Even though the cost of low-carbon hydrogen production remains uncompetitive, and its output and use limited, there are encouraging signs that significant cost declines and widespread global growth may be at hand, according to a new report by the International Energy Agency (IEA). However, governments need to take decisive action to enable hydrogen to fulfill its potential and help the world reach net zero emissions by 2050, the IEA says.
The report, titled Global Hydrogen Review 2021, notes that investment in hydrogen production projects worldwide is increasing and that the number of countries that already have strategies for the use of the fuel has increased from just three in 2019 to 17 today, while more than 20 others have publicly announced they are working on such plans.

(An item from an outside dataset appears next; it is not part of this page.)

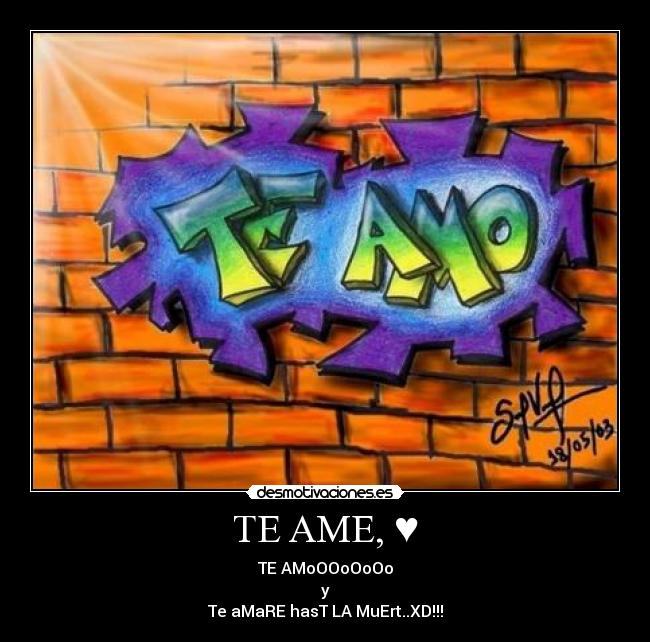 TE AME, ♥ -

The global capacity of electrolyzers has doubled in the past five years, and supply could reach 8 million tons by 2030
The global capacity of electrolyzers has doubled over the last five years. If all electrolyzer projects currently under development are realized, global hydrogen supply from electrolyzers would reach 8 million tons by 2030, up from under 50,000 tons today. However, the level would still remain well below the 80 million tons that the IEA projects is required to help achieve climate neutrality by 2050.
According to Fatih Birol, the IEA’s executive director, the recent success should not be taken for granted as there have been “false starts” with hydrogen before. He added, however, that “…this time, we are seeing exciting progress in making hydrogen cleaner, more affordable and more available for use across different sectors of the economy.”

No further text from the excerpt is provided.